Some Nigerians may consider this position as a quest for renewed mandate on moral quicksand.
The ‘ding dong’ of proclamation of ceasefire by our government and frequent denials by Boko Haram is too embarrassing to be allow to continue! Nigerians wants to be saved the disgrace of seeing poorly armed Nigerian troops fleeing into Cameroon in the face of Boko Haram onslaught. Nigerians expect that this insurgency should rapidly be brought to an end because so many lives have been lost in the process!
In other civilised climes, when serious issues like insurgency are handled with “Kids glove”, the leadership of the armed forces would be dishonourably discharged, while the President and his cabinet may be forced to resign for performing below required standards. Rather, the Nigerian military have made a scapegoat of poor soldiers who violently protested bad service conditions, by sentencing them to death for mutiny. Though disloyalty should never be excused for whatever reason, the peculiar case of the mutinous soldiers who were recently condemned to death should be treated with leniency, and their sentences commuted to reasonable prison terms because their operational condition, were less than ideal as evidenced by the continued desertion being recorded in this war.

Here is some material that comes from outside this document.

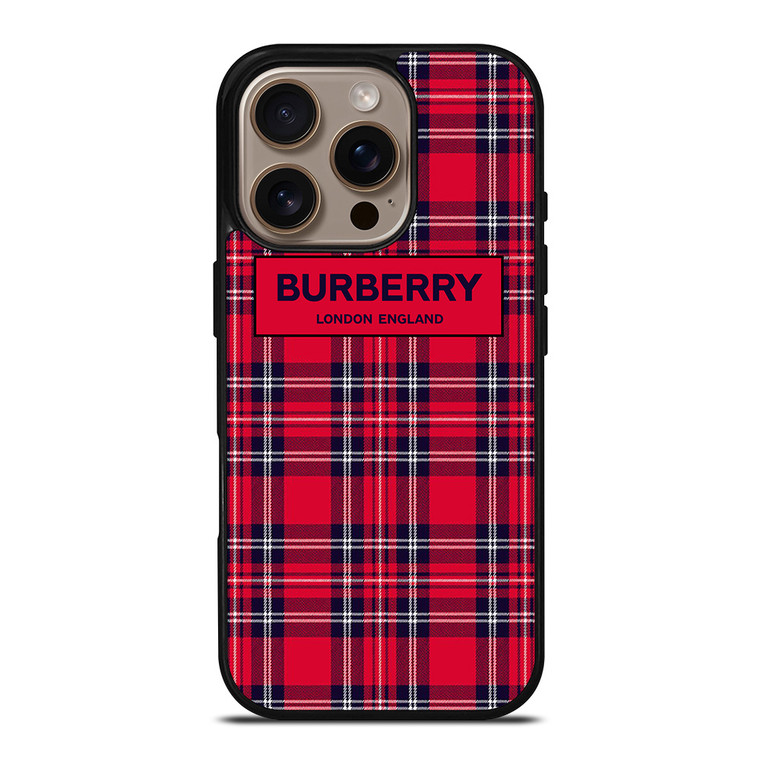 BURBERRY LONDON ENGLAND RED PATTERN iPhone 16 Pro Case Cover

Considering the economic record of a president who seeks re-election come 2015, an editorial in The PUNCH edition of October 6, 2014, showed that Nigeria has poor governance index. In the corruption Perception Index 2013 published by Transparency International, Nigeria plunged further from 137th out of 177 counties surveyed in 2012 to 144th. Our score dropped to 25 percent from 28 percent. Neither is our moving out of the world’s most fragile states in the 2014 fragile states Index to 17th cause for cheer in an economy with Africa’s largest Gross Domestic product. We escaped the ignominy of remaining in the group of the 15 most fragile, only because of the civil war in Syria and Iraq and the descent of Guinea Bissau into an unstable narco state.
“In its Ease of Doing Business Report 2014, the World Bank rated Nigeria 147th out of 189 countries, a further deterioration from its ranking of 137th in 2013.
Despite all this; glaring poverty, unemployment and terribly inadequate infrastructure, the present administration in Nigeria and all the ministers involved, have created a narrative of success, even weakness and the tell-tale sings of a failing state daily confront Nigerians”.
Despite all these unflattering statistics, Nigerians expect that the leadership of this country should shift gaze from personal aggrandizement along political line, and focus on how to bring about meaningful development in all sector of the country.
Recently, President Goodluck Ebele Jonathan urged Nigerians to allow him another four years to continue the transformation of vital sector of the Nigerian economy. Jonathan who officially declared his intention to run for a second term in office at the 2015 presidential election at the Eagles square Abuja before a mammoth crowd of supporters said he is poised to eradicating insecurity, unemployment, while creating an enabling environment for the accelerated development of the nation’s economy.
For Nigerians, that we want to experience is meaningful development that will place us among the comity of nations. Whether or not, there is a change administration, we long for positive change! Nigerians seek transformation in the next four years in such that there would be tranquility in the face of sustainable development.